▶ _WHAT THE EXERCISE ASKS_
Work through the records that follow and return each line containing the word "Black".
══ DATA SHOWN ══
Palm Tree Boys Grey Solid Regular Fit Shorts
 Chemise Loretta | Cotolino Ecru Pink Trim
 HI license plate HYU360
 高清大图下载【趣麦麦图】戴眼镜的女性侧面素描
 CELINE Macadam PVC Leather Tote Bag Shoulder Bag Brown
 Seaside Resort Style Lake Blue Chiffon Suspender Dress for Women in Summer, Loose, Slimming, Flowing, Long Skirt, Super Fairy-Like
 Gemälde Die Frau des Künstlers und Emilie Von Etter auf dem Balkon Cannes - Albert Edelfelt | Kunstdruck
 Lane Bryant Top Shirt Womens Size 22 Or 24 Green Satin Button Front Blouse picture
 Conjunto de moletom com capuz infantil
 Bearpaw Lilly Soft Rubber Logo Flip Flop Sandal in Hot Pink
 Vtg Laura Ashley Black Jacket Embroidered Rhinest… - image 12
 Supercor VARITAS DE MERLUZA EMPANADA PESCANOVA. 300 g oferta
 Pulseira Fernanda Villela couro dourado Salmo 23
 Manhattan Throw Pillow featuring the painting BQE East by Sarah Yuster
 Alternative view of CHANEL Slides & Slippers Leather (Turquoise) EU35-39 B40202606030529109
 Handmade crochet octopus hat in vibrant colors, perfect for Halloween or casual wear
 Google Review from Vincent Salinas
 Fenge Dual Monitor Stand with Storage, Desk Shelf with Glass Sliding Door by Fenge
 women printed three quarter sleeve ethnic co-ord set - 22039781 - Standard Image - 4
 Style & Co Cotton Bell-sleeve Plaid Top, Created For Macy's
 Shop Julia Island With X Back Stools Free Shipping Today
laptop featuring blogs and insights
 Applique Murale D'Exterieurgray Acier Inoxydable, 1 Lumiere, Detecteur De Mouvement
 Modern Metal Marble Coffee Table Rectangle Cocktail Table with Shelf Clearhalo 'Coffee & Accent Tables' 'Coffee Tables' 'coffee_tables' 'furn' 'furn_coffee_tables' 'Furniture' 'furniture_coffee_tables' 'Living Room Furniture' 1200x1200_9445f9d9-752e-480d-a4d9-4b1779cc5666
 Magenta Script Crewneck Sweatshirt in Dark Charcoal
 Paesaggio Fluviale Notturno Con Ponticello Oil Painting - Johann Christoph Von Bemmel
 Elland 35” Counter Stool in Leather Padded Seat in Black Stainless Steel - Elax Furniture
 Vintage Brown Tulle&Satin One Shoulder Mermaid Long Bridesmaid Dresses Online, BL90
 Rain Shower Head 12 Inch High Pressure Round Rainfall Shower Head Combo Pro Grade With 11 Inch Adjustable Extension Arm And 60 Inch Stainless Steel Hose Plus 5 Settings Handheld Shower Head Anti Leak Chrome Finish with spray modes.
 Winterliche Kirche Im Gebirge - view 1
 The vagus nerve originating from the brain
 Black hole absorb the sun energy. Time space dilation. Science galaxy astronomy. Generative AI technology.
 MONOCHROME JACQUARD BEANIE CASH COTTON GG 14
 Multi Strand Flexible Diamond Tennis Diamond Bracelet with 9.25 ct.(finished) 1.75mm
═══
▶ _EXERCISE ANSWER_
 Vtg Laura Ashley Black Jacket Embroidered Rhinest… - image 12
 Elland 35” Counter Stool in Leather Padded Seat in Black Stainless Steel - Elax Furniture
 Black hole absorb the sun energy. Time space dilation. Science galaxy astronomy. Generative AI technology.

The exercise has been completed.